The two winners were Djinn Patrol, backed by Miura Kite, formerly of Participant Media and known for Chinatown and Keep Sweet: Pray & Obey, with Jaya Entertainment, producers of Real Kashmir Football Club, also attached; and The Masala Quest, created and hosted by Sarina Kamini, an Indian-Australian cook, author and self-described “spice evangelist.”
The summit also unveiled the Content India Trends Report, whose findings made for bracing reading. Daoud Jackson, senior analyst at OMDIA, set the tone: “By 2030, online video in India will nearly double the revenue of traditional TV, becoming the main driver of growth.” He noted that in 2025, India produced a quarter of all YouTube videos globally, overtaking the United States, while Indians collectively spend 117 years daily on YouTube and 72 years on Instagram. Traditional subscription TV is declining as free TV and connected TV gain ground, forcing broadcasters to innovate. “AI-generated content is just 2 per cent of engagement,” Jackson added, “highlighting the dominance of high-quality human content. The key for Indian media companies is scaling while monetising effectively from day one.”
Hannah Walsh, principal analyst at Ampere Analysis, added hard numbers to the picture. India produced over 24,000 titles in January 2026 alone, with 19,000 available internationally. The country now accounts for 12 per cent of Asia-Pacific content spend, up from 8 per cent in 2021, outpacing both Japan and China. Key exporters include JioStar, Zee Entertainment, Sony India, Amazon and Netflix, delivering over 7,500 Indian-produced titles abroad each year. The top importing markets are Saudi Arabia, the UAE, Egypt, the United States and the Philippines. Scripted content dominates globally at 88 per cent, with crime dramas and children’s and family titles performing particularly strongly.
Manoj Dobhal, chief executive and executive director of Dish TV India, framed the summit’s ambition squarely. “Stories don’t need translation.
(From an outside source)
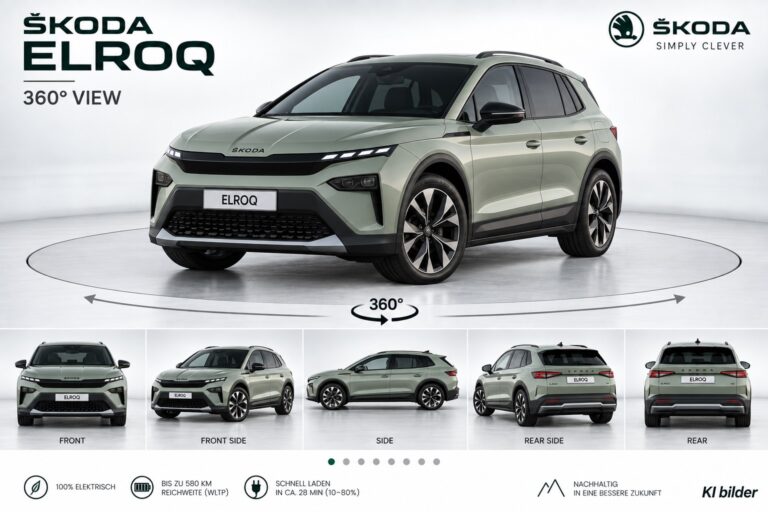 360 view Skoda Elroq eu-neuwagen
They need a platform, discovery, and reach, local or global,” he said. “India produces more movies than any country, our streaming platforms compete globally, and our tech and creators win international awards. Yet fragmentation slows growth. Producers, platforms, and tech move in different lanes. We need shared spaces, collaboration, and an ecosystem where ideas, technology, and people meet. That is why we built Content India.”
The data, the pitches and the prize money all pointed to the same conclusion: India is not waiting for the world to discover its stories. It is building the infrastructure to sell them.